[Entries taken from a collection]
==========
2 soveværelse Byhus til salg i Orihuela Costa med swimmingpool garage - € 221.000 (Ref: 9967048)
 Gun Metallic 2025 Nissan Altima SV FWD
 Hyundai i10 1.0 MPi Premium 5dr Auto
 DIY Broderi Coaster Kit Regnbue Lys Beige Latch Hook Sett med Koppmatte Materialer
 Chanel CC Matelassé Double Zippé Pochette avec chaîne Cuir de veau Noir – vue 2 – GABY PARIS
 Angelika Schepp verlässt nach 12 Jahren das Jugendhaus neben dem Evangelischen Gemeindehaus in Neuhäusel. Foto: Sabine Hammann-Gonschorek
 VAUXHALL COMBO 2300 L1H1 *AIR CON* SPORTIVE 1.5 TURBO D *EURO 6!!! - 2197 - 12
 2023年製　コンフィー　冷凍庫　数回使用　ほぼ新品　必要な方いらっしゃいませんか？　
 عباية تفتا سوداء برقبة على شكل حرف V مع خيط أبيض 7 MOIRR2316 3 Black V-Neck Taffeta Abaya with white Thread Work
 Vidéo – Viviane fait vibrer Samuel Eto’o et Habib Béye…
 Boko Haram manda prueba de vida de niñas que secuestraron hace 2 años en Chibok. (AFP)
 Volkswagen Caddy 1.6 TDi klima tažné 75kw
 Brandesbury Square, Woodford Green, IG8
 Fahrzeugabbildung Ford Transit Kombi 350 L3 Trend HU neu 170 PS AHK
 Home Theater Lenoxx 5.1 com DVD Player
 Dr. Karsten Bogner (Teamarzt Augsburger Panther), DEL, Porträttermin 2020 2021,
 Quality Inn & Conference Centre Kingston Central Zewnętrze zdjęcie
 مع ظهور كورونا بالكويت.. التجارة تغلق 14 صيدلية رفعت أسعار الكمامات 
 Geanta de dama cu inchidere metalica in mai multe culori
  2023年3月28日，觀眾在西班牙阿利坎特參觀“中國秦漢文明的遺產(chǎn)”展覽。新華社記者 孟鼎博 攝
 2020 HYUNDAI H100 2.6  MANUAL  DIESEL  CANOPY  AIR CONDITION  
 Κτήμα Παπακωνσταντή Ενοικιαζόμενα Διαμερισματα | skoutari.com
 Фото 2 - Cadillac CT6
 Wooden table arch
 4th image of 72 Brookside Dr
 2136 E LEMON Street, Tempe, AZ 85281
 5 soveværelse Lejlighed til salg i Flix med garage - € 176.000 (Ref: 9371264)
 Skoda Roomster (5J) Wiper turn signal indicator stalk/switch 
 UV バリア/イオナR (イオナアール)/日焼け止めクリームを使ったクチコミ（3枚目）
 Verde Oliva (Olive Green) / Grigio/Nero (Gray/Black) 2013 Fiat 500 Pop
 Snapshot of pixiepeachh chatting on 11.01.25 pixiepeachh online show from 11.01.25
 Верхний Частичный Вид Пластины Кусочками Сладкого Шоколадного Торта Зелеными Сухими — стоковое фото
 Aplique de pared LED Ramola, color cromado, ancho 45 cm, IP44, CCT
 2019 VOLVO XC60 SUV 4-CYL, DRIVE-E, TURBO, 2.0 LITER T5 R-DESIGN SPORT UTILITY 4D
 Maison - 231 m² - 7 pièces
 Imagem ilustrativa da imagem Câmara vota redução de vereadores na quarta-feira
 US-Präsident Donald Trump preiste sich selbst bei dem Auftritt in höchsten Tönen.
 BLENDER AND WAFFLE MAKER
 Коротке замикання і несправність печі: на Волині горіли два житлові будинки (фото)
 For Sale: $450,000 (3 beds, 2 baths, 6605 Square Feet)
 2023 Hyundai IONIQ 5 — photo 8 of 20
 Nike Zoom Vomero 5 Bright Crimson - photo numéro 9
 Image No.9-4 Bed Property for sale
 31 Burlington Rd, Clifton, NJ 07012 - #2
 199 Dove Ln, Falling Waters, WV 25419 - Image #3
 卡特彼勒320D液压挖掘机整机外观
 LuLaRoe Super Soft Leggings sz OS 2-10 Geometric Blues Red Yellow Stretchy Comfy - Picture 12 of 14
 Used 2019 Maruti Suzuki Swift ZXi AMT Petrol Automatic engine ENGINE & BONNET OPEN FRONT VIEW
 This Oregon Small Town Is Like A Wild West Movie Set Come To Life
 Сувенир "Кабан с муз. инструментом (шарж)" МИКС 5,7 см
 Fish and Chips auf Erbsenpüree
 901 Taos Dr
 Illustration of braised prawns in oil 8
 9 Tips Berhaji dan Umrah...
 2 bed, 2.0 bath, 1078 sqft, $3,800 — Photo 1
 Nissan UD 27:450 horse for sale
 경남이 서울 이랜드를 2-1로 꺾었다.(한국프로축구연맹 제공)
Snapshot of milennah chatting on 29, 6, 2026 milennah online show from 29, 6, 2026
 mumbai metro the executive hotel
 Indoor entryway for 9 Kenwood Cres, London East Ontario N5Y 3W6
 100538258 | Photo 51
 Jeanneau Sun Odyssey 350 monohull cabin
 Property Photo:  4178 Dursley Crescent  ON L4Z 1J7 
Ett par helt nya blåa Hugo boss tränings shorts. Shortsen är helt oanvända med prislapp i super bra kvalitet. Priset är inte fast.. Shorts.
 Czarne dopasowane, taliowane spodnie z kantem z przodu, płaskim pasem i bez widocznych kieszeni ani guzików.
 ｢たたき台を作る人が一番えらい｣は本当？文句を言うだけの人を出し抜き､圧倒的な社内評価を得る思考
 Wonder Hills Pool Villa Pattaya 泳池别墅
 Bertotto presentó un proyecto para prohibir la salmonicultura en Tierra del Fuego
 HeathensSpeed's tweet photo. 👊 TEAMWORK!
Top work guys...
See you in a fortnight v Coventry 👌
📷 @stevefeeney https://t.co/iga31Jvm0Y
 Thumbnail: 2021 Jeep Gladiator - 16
==========
Work task:
Out of the records, collect only those lines that contain the string "show".

Response for this exercise:
 Snapshot of pixiepeachh chatting on 11.01.25 pixiepeachh online show from 11.01.25
Snapshot of milennah chatting on 29, 6, 2026 milennah online show from 29, 6, 2026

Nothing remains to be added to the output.